(Data entries)
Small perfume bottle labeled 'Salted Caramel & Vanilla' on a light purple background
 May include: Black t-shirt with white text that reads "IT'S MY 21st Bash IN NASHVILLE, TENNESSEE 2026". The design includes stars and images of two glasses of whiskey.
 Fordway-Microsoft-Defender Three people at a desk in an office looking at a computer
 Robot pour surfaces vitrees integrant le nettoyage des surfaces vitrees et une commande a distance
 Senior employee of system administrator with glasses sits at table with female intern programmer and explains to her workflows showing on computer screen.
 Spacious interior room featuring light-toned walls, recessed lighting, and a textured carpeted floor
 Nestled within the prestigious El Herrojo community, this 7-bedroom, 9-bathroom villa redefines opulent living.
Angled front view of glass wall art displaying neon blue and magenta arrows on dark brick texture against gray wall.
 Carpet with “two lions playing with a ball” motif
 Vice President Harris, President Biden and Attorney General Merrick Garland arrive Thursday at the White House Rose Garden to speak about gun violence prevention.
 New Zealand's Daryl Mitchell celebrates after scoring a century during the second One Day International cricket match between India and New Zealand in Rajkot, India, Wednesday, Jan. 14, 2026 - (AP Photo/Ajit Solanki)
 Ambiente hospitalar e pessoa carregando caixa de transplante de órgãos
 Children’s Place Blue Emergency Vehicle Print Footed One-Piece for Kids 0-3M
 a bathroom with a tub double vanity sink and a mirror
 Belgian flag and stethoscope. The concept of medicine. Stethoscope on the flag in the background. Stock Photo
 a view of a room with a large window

> **Task to carry out**: Start with the line above that contains "Spacious interior room" and stop after the line that contains "Angled front view". Output those lines exactly, and only those.

> **Exercise result**:
 Spacious interior room featuring light-toned walls, recessed lighting, and a textured carpeted floor
 Nestled within the prestigious El Herrojo community, this 7-bedroom, 9-bathroom villa redefines opulent living.
Angled front view of glass wall art displaying neon blue and magenta arrows on dark brick texture against gray wall.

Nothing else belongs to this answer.